Each record is to be copied exactly as written.

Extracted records

+++++

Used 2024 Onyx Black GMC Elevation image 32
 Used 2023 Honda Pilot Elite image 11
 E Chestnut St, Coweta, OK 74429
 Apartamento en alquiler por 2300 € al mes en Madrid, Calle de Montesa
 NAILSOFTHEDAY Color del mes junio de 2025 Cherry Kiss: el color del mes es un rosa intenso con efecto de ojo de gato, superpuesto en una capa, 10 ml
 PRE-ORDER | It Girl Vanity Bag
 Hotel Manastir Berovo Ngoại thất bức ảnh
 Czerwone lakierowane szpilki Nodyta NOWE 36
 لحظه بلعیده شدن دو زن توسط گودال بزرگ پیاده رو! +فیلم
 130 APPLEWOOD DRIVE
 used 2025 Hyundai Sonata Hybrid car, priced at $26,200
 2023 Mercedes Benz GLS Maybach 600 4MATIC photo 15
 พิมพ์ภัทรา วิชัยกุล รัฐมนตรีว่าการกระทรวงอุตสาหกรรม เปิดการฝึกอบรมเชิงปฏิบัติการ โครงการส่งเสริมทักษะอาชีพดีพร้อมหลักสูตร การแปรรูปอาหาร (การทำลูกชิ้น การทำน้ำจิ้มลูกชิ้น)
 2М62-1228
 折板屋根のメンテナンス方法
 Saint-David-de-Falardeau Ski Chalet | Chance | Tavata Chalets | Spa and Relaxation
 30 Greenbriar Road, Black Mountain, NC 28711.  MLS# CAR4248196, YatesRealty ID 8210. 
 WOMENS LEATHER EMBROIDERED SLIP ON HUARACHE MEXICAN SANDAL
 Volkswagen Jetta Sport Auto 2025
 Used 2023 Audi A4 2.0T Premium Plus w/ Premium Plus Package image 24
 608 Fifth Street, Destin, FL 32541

+++++

Response to the task:
Used 2024 Onyx Black GMC Elevation image 32
 Used 2023 Honda Pilot Elite image 11
 E Chestnut St, Coweta, OK 74429
 Apartamento en alquiler por 2300 € al mes en Madrid, Calle de Montesa
 NAILSOFTHEDAY Color del mes junio de 2025 Cherry Kiss: el color del mes es un rosa intenso con efecto de ojo de gato, superpuesto en una capa, 10 ml
 PRE-ORDER | It Girl Vanity Bag
 Hotel Manastir Berovo Ngoại thất bức ảnh
 Czerwone lakierowane szpilki Nodyta NOWE 36
 لحظه بلعیده شدن دو زن توسط گودال بزرگ پیاده رو! +فیلم
 130 APPLEWOOD DRIVE
 used 2025 Hyundai Sonata Hybrid car, priced at $26,200
 2023 Mercedes Benz GLS Maybach 600 4MATIC photo 15
 พิมพ์ภัทรา วิชัยกุล รัฐมนตรีว่าการกระทรวงอุตสาหกรรม เปิดการฝึกอบรมเชิงปฏิบัติการ โครงการส่งเสริมทักษะอาชีพดีพร้อมหลักสูตร การแปรรูปอาหาร (การทำลูกชิ้น การทำน้ำจิ้มลูกชิ้น)
 2М62-1228
 折板屋根のメンテナンス方法
 Saint-David-de-Falardeau Ski Chalet | Chance | Tavata Chalets | Spa and Relaxation
 30 Greenbriar Road, Black Mountain, NC 28711.  MLS# CAR4248196, YatesRealty ID 8210. 
 WOMENS LEATHER EMBROIDERED SLIP ON HUARACHE MEXICAN SANDAL
 Volkswagen Jetta Sport Auto 2025
 Used 2023 Audi A4 2.0T Premium Plus w/ Premium Plus Package image 24
 608 Fifth Street, Destin, FL 32541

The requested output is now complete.